Hi,
I'm observing some unexpected behavior related to memory usage when deleting a large number of relationships.
For demonstration purposes, let's say I'm deleting ~20 million of relationships on a neo4j container with max heap configured to 800mb using the following cypher:
CALL apoc.periodic.iterate("MATCH (n:Node)-[r]->() RETURN r", "DELETE r", {batchSize:1000})
Observing the heap usage when this is running:
You can see there's linear growth until eventually running out of memory at 800mb. Now, after some profiling and reading I concluded the reason for this could be that neo4j is keeping an array of IDs of deleted relationships in memory until the transaction finishes. I would expect this to happen every "batchSize", but it appears it lasts until the procedure call completes. Another reason could also be that the match statement is accumulating the results faster than we're able to delete them and it's keeping them in memory. It would be great if someone could confirm this is indeed the reason for the growth.

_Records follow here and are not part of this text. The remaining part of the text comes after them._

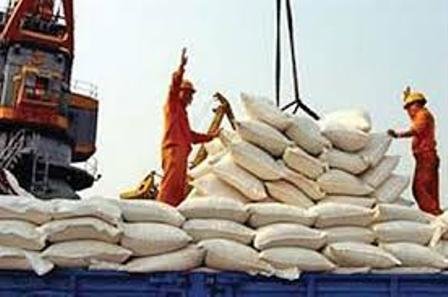 کانتینرهای کالاهای اساسی در انفجار بندر رجایی نبودند/ ترخیص کالاهای اساسی امروز از سرگرفته می‌شود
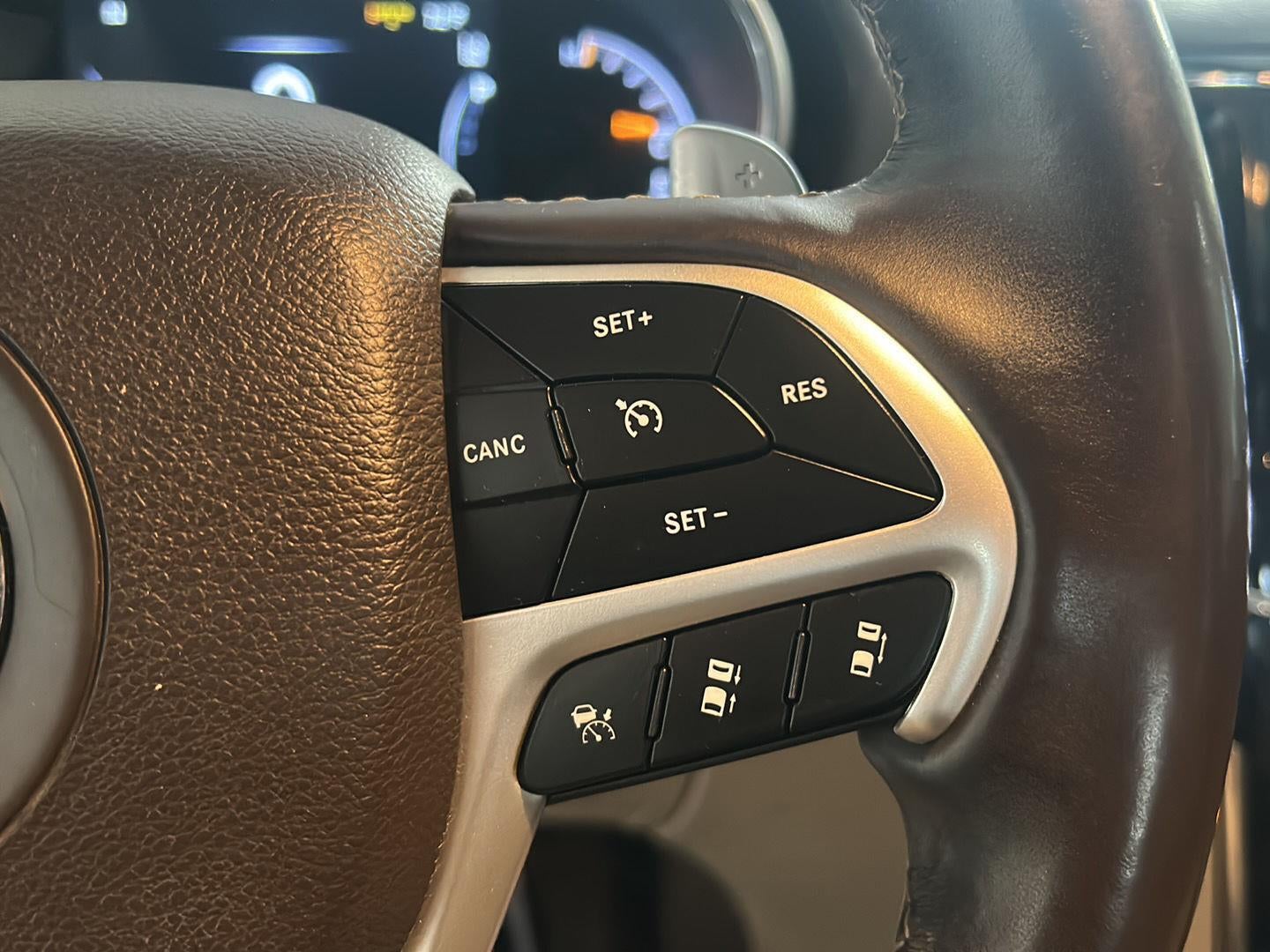 2020 Jeep GRAND CHEROKEE SUMMIT 4X4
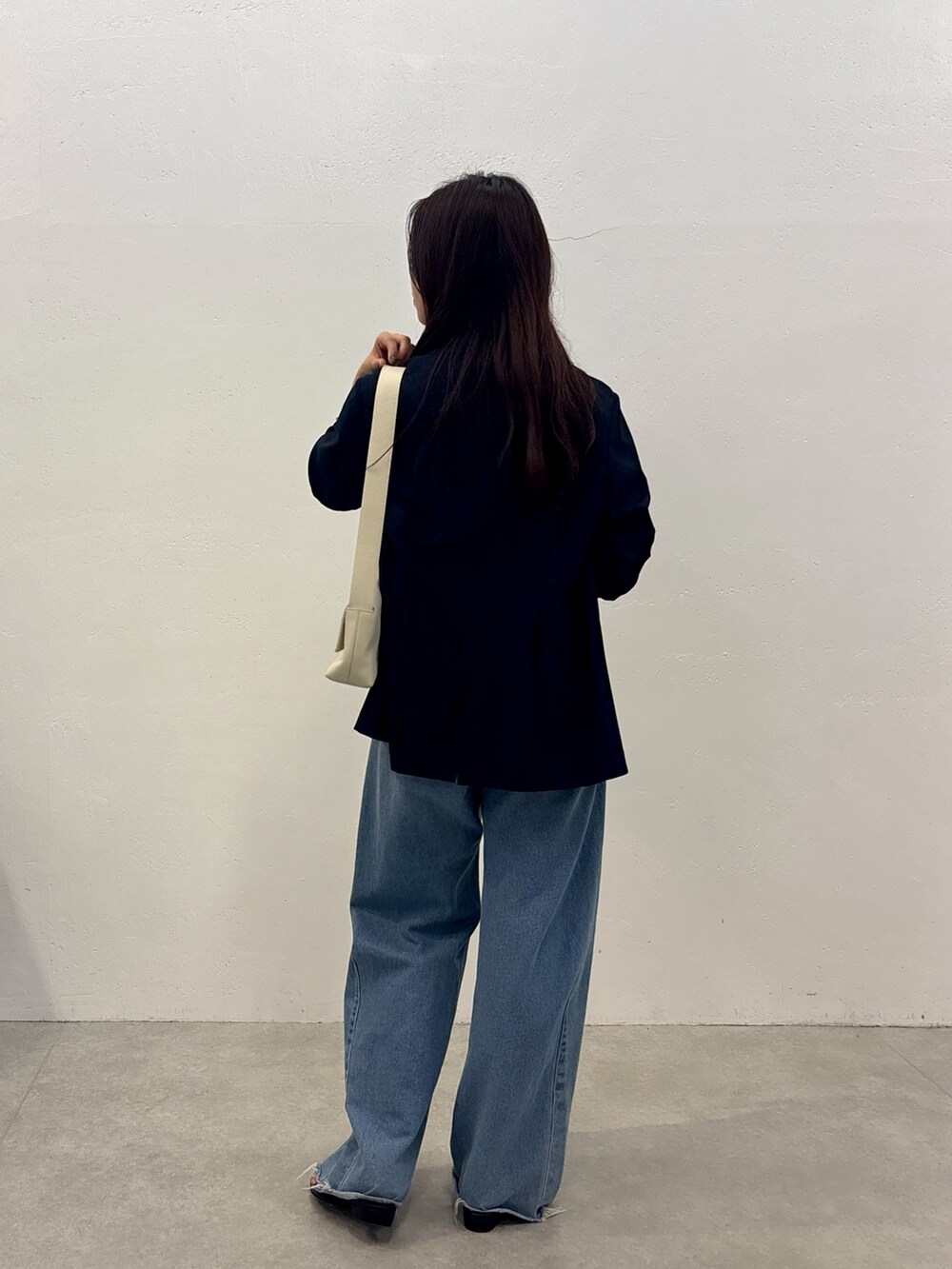 「サンダル、白Tシャツ、夏服コーデ、夏服、大人コーデ、オトナ女子、キレイめカジュアル」|「COLLAGE GALLARDAGALANTEのQ.anos/ブルージュデニム/WEB限定(デニムパンツ、ブルー系)」を使った、IGARASHIさん(骨格ウェーブ・レディース・167cm)の春コーディネートの4枚目の写真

Now, I've found a way around that issue by doing another level of "batching" around the procedure call to allow neo4j to do whatever cleanup is needed between the calls:
for hasMore := true; hasMore; {
committed, _ := session.Run("CALL apoc.periodic.iterate('MATCH (n:Node)-[r]->() RETURN r LIMIT 1000000', 'DELETE r', {batchSize:1000})", nil)
hasMore = committed >= 1000000
}
This results in a more stable memory usage and a successful delete.
This has been working fine, until I observed another OOM recently, this time even when using the improved approach. Since there could be other transactions (but not related to nodes and relationships from the delete query) running at the same time, I tested the previous approach with running apoc.util.sleep() at the same time as deletes are happening. This time, memory usage is again similar to initial approach and results in OOM.
Could this mean that neo4j is holding to something internally (presumably the IDs of deleted nodes) as long as there is any transaction running?
Keep in mind that heap size and the number of relationships are set this way so it's easier to reproduce. Initially the same behaviour was observed when deleting 1.5 billion edges on a neo4j container with 32g heap. Running neo4y 4.4.29 community and apoc 4.4.0.22.